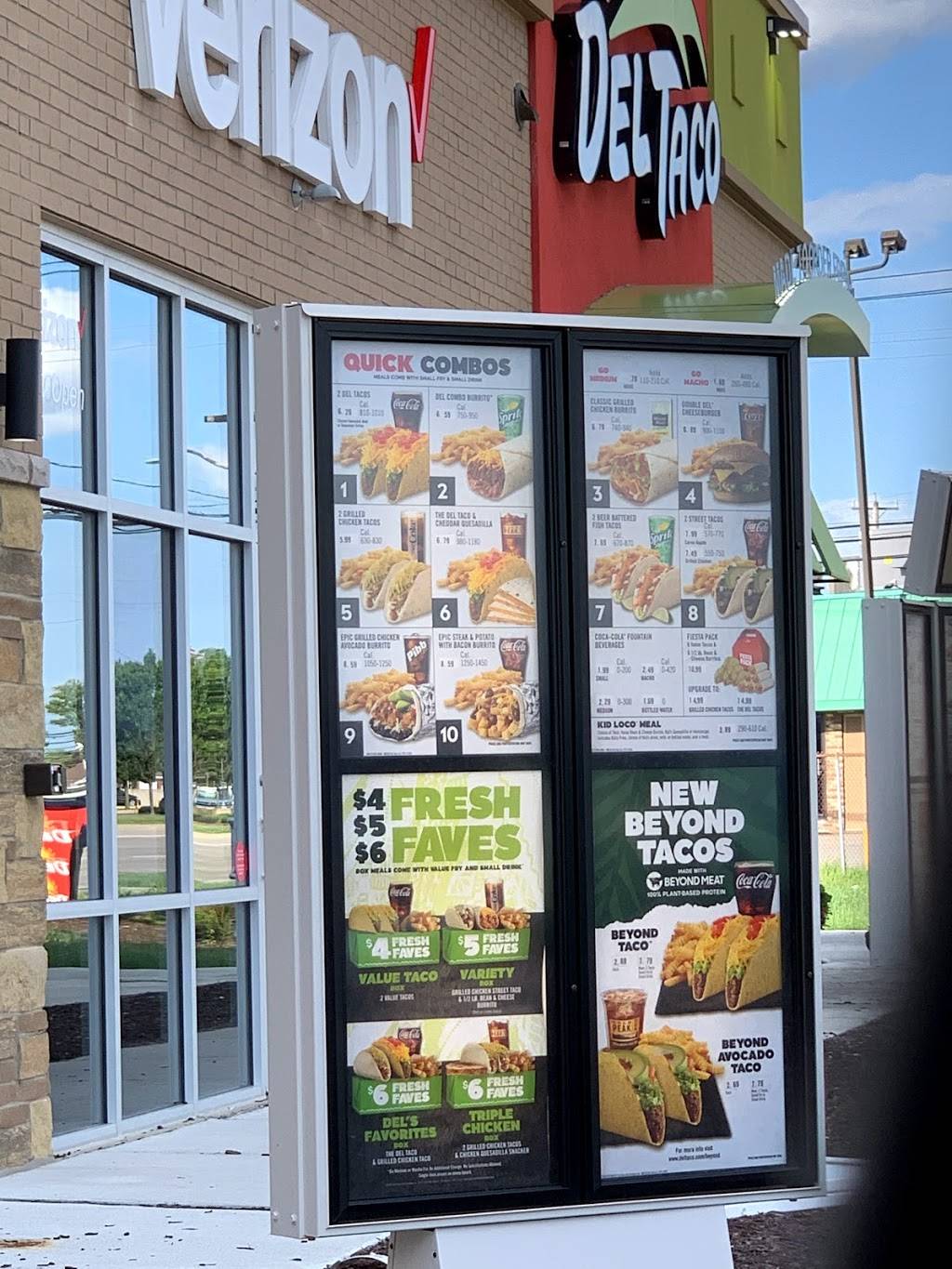 Del Taco | restaurant | 16252 Fort St, Southgate, MI 48195, USA | 7347201051 OR +1 734-720-1051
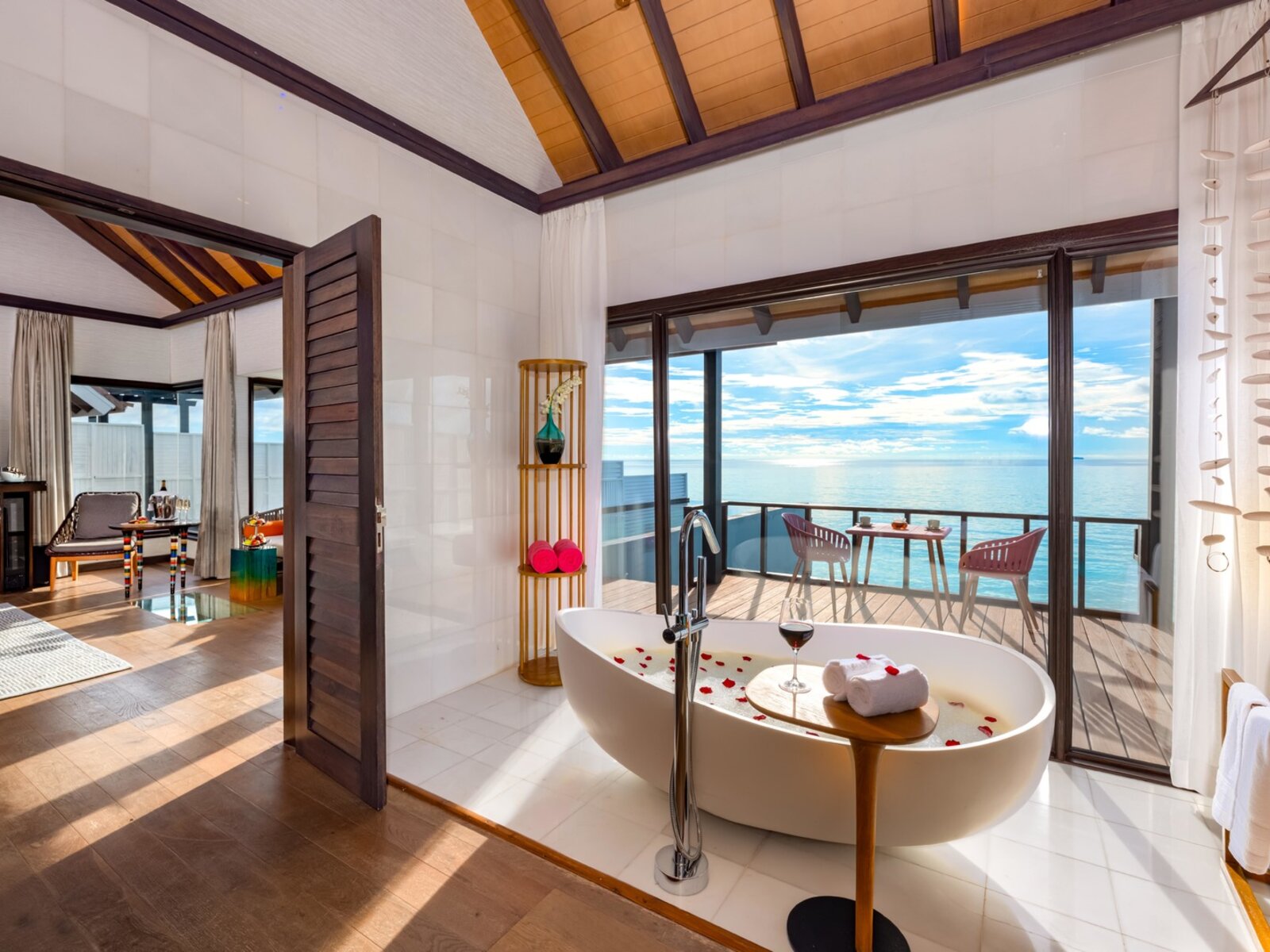 Wohnbeispiel Wind Villa with Pool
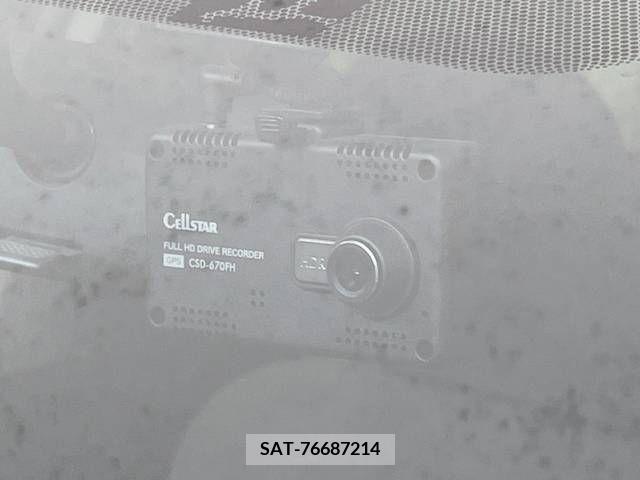 Toyota PRIUS ALPHA 2014-02 213224-6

========

### What needs to be done
Word-for-word repeat, images excluded: return all the data.

### Exercise response
 Del Taco | restaurant | 16252 Fort St, Southgate, MI 48195, USA | 7347201051 OR +1 734-720-1051
 Wohnbeispiel Wind Villa with Pool
 Toyota PRIUS ALPHA 2014-02 213224-6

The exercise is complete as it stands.